__ASSIGNED TASK__: Could you restate word for word only the lines below from the one holding "hotel babu palace - Bikaner - 3" to the one holding "Wiesbaden, Hesse house", inclusive, and leave out the pictures?

__DATASET EXTRACT__:
# # # # # # #

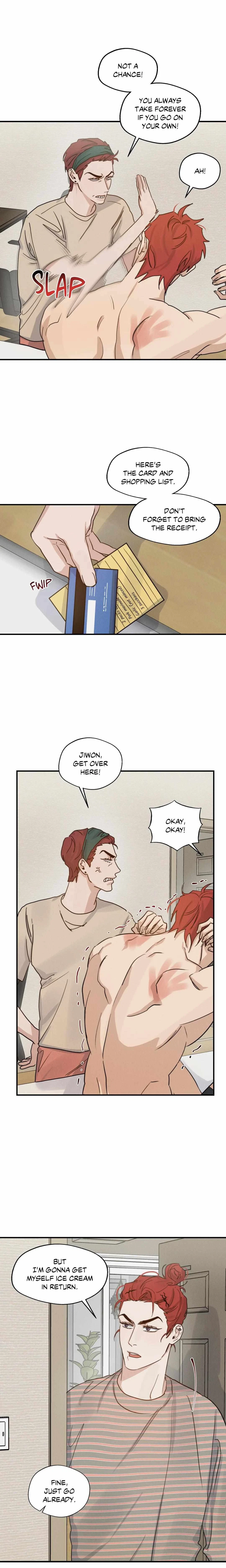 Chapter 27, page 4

# # # # # # #

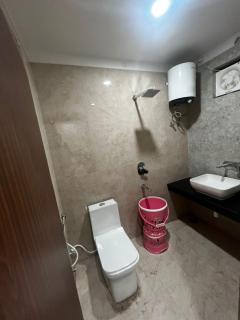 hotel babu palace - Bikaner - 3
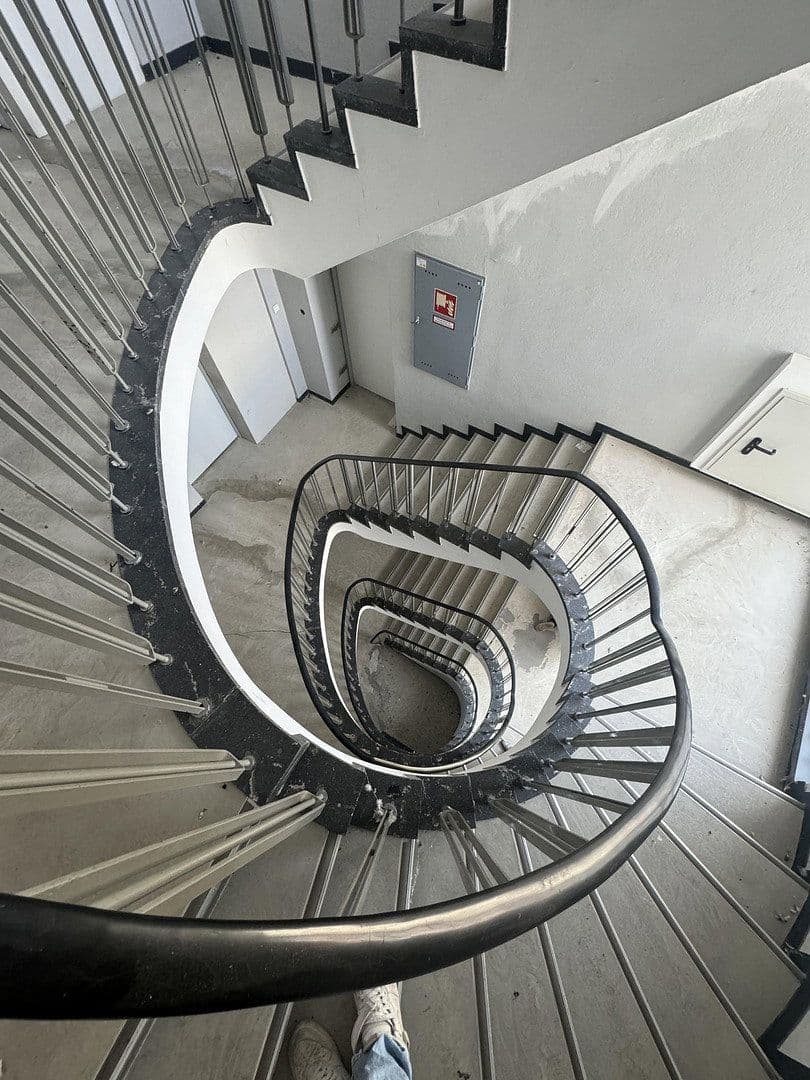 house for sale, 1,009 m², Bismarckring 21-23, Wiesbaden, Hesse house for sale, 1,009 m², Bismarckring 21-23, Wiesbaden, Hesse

# # # # # # #

__WRITTEN RESPONSE__:
 hotel babu palace - Bikaner - 3
 house for sale, 1,009 m², Bismarckring 21-23, Wiesbaden, Hesse house for sale, 1,009 m², Bismarckring 21-23, Wiesbaden, Hesse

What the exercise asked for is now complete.